Data segment:
■ ■ ■ ■ ■ ■ ■
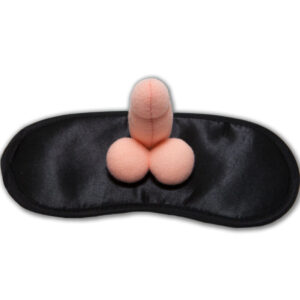 Diablo Picante-Maschera del sonno del pene con fischio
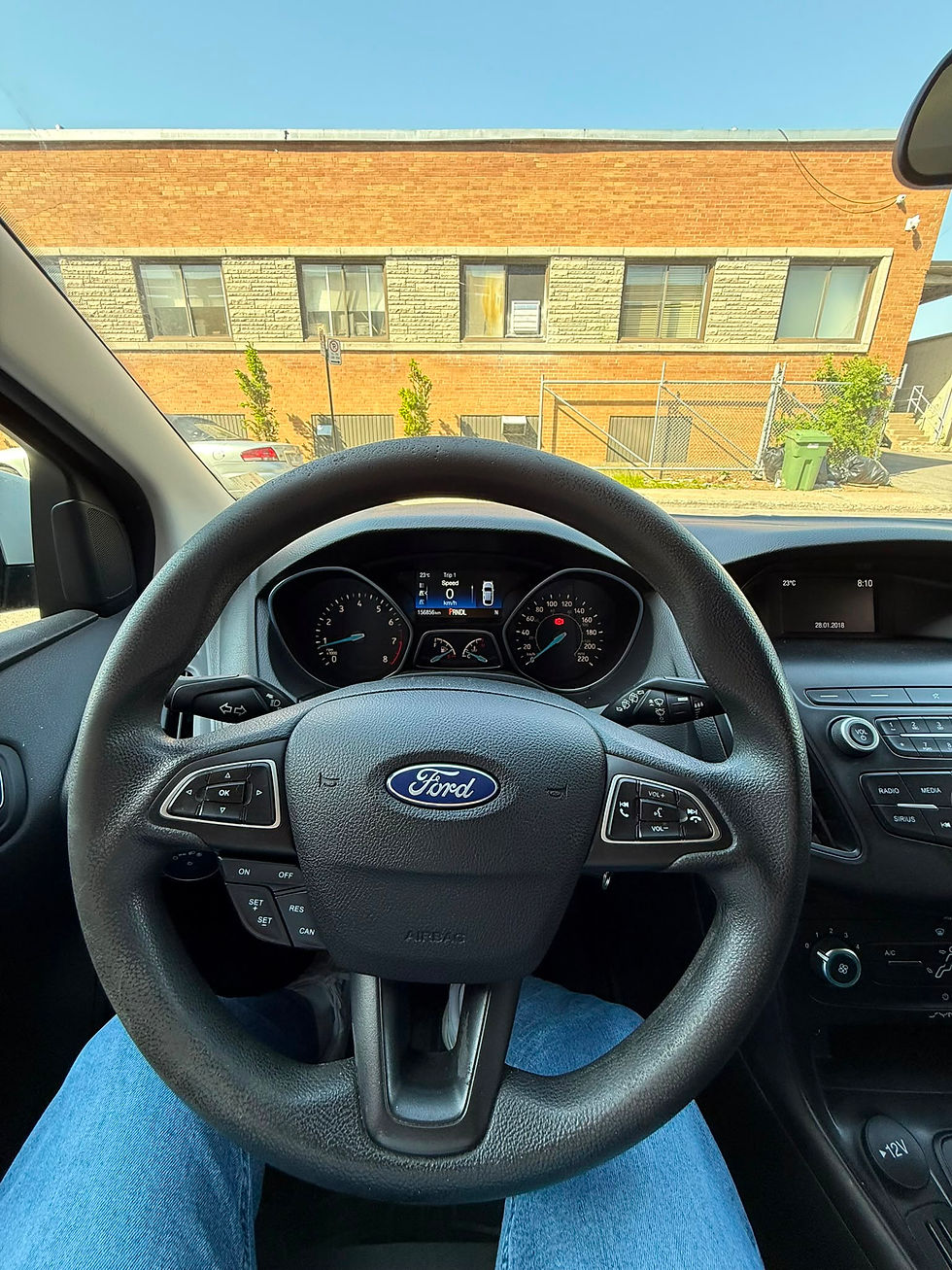 Miniature : Ford Focus 2018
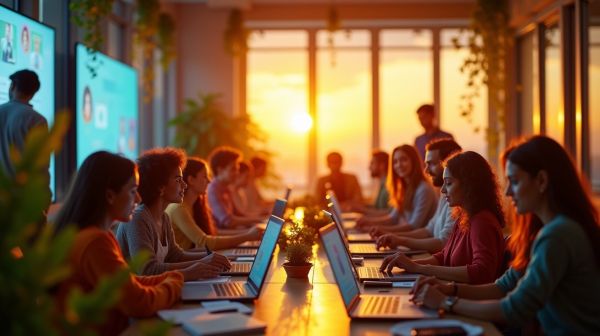 Les valeurs et principes des communautés numériques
■ ■ ■ ■ ■ ■ ■
Problem details: All of the material above is to be retyped exactly, with no pictures included.

Exercise result:
 Diablo Picante-Maschera del sonno del pene con fischio
 Miniature : Ford Focus 2018
 Les valeurs et principes des communautés numériques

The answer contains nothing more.